Security researchers say hackers were able to booby-trap a popular tool offered by Czech cybersecurity firm Avast to remotely install a backdoor implant on millions of computers, according to new research by Cisco’s Talos team.
A sabotaged software update mechanism in an outdated version of the file clean-up software program CCleaner allowed for a hacker to covertly download malicious code onto computers. The backdoor left infected devices open to future attacks and other malware.
The news illustrates how hackers are actively targeting and in some cases, successfully exploiting vulnerabilities in the supply chains of prominent software vendors.

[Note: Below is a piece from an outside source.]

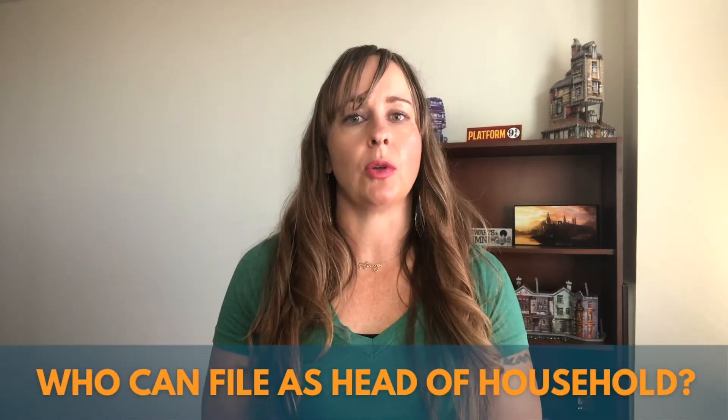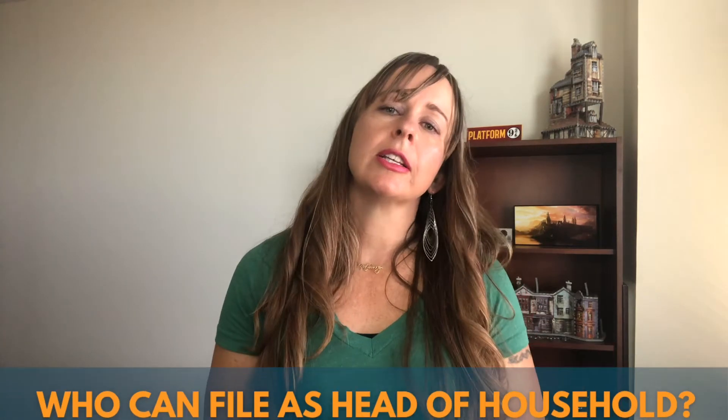Next, who can file as a Head of Household, or HOH? There are very specific requirements to file as a Head of Household. First, you must either be legally single, or you have to have been separated from your spouse for at least six months of the year.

The latest version of CCleaner was released in mid-September. The affected version, CCleaner 5.33, was only available for download for about one month.

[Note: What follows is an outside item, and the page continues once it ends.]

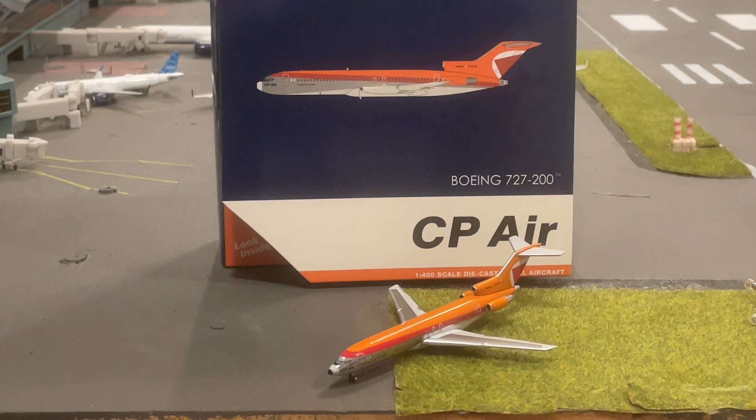Thank you all so much for watching, I really appreciate it. I had an exciting time in this video — just really excited to make this one. Such an exciting model. Holidays are coming, so this is my first Christmas gift actually, really excited to open it. Thank you all so much for watching. Subscribe for the giveaway and I'll see you guys soon.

Piriform, a British software firm acquired by Avast in July, originally developed CCleaner. The program is predominantly used on computers running Windows, although there’s also a version for MacOS.
“We estimate that 2.27 million users had the affected software installed on 32-bit Windows machines,” an Avast spokesperson told CyberScoop. “We believe that these users are safe now as our investigation indicates we were able to disarm the threat before it was able to do any harm.”
CCleaner has been downloaded more than 2 billion times since it was originally released in 2003. There have been multiple iterations of the tool since then.
While a patch has been offered to fix the problem, several important questions remain, including who was responsible.
Researchers believe an insider was likely involved at some point in the attack, according to Talos senior researcher Craig Williams, because the hacker was able to sign the malware with a legitimate Avast software certificate.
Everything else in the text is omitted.